Snowflake Connector
The NPipeline.Connectors.Snowflake package provides source and sink nodes for Snowflake. Supports parameterized queries, batch inserts, high-performance staged COPY, MERGE upserts, and named connections for multi-warehouse scenarios.
Installation
bash
dotnet add package NPipeline.Connectors.SnowflakeDependencies: Snowflake.Data 5.x
Source Node - SnowflakeSourceNode<T>
Constructors
csharp
// Connection string + query
public SnowflakeSourceNode(
string connectionString, string query,
SnowflakeConfiguration? configuration = null)
// With custom mapper
public SnowflakeSourceNode(
string connectionString, string query,
Func<SnowflakeRow, T>? customMapper = null,
SnowflakeConfiguration? configuration = null)

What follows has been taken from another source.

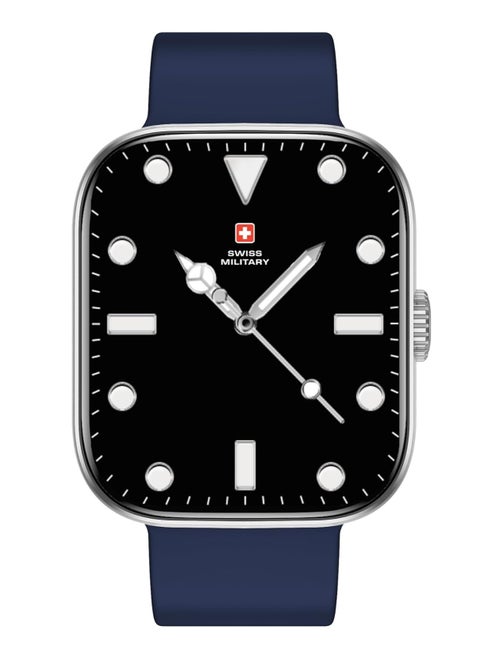Swiss Military ALPS4 Smartwatch 1.75" AMOLED, Bluetooth Calling, Multi Language, Fitness Tracking, Wireless Charging, 7 Days Battery, IP67, iOS/Android Compatible, Silver Frame & Blue Silicon Strap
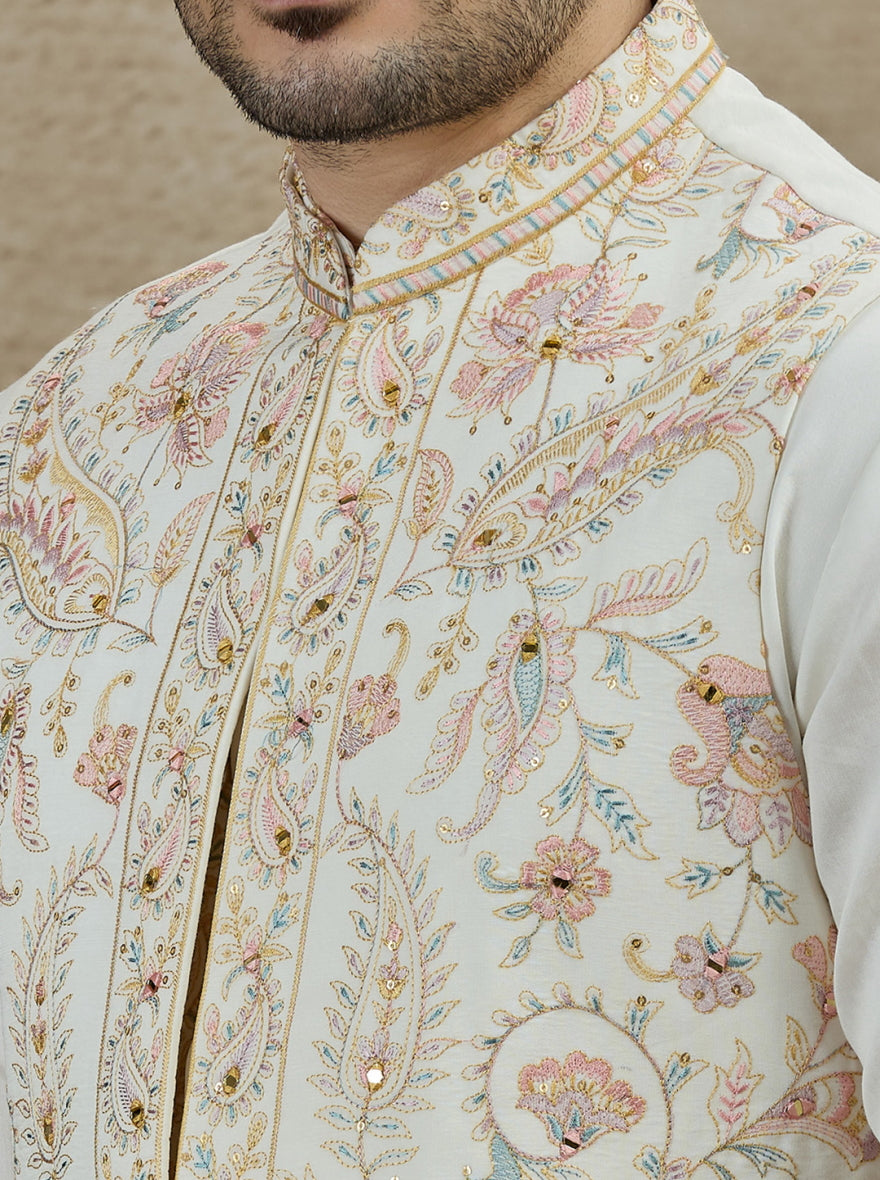 Cream Embroidered Kurta Pajama with Koti | Virasana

// Connection pool (recommended for DI)
public SnowflakeSourceNode(
ISnowflakeConnectionPool connectionPool, string query,
SnowflakeConfiguration? configuration = null,
DatabaseParameter[]? parameters = null,
bool continueOnError = false,
string? connectionName = null)Example
csharp
var source = new SnowflakeSourceNode<SalesRecord>(
"account=myaccount;user=app;password=secret;warehouse=COMPUTE_WH;database=SALES;schema=PUBLIC;",
"SELECT * FROM orders WHERE order_date >= :start_date",
configuration: new SnowflakeConfiguration { FetchSize = 10000 });Sink Node - SnowflakeSinkNode<T>
| Strategy | Description | Best For |
|---|---|---|
PerRow | Individual INSERT per item | Small volumes |
Batch (default) | Batched INSERT statements | Most workloads |
StagedCopy | PUT + COPY INTO via internal stage | Maximum throughput |
Constructors
csharp
// Connection string
public SnowflakeSinkNode(
string connectionString, string tableName,
SnowflakeConfiguration? configuration = null,
Func<T, IEnumerable<DatabaseParameter>>? customMapper = null)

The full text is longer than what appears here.